> [WORK TO COMPLETE] The string "Large" may appear in lines of the data; report how many lines contain it, with no other output.

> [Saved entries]
§

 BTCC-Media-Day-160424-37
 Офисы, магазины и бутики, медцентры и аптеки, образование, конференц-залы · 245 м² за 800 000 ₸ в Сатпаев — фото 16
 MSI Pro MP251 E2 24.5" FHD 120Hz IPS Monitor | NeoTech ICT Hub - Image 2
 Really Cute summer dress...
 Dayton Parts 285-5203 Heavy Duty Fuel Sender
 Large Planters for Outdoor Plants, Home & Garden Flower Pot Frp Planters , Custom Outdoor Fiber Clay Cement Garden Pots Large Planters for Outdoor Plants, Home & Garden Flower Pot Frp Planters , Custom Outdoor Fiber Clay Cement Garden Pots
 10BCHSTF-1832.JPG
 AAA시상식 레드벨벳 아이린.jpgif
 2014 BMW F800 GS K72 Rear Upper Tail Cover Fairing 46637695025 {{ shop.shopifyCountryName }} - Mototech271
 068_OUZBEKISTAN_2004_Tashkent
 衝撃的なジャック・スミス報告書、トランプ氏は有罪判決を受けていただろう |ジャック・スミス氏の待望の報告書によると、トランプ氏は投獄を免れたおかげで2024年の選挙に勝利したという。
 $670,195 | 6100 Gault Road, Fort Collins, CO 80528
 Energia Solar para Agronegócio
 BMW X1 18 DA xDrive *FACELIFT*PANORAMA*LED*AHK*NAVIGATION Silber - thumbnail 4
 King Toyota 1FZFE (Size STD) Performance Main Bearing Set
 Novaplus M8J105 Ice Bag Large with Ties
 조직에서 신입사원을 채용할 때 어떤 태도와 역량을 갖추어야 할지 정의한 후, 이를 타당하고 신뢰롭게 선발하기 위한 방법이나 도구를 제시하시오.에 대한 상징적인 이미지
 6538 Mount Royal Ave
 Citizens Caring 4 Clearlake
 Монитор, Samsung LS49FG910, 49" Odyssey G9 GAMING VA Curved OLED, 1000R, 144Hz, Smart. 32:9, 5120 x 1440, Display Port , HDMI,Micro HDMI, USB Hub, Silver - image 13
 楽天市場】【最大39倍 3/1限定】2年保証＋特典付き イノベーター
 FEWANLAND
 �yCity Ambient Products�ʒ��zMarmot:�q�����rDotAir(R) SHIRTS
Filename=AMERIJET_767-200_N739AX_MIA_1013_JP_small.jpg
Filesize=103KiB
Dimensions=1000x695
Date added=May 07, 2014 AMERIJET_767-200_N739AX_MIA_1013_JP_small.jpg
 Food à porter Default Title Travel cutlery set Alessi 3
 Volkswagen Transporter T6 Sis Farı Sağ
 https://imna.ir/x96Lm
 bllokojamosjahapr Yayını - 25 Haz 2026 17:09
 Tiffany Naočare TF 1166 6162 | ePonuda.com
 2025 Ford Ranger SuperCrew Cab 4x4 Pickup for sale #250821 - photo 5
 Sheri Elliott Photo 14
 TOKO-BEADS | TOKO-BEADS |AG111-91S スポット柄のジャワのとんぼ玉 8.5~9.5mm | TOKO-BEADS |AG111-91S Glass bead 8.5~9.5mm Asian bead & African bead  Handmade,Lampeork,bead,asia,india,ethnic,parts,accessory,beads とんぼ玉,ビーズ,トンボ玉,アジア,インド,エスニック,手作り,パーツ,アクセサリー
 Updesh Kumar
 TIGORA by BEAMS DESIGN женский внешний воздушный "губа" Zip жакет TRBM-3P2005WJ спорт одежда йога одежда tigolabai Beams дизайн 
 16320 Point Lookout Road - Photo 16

§

> [OUTPUT OF THE EXERCISE] 2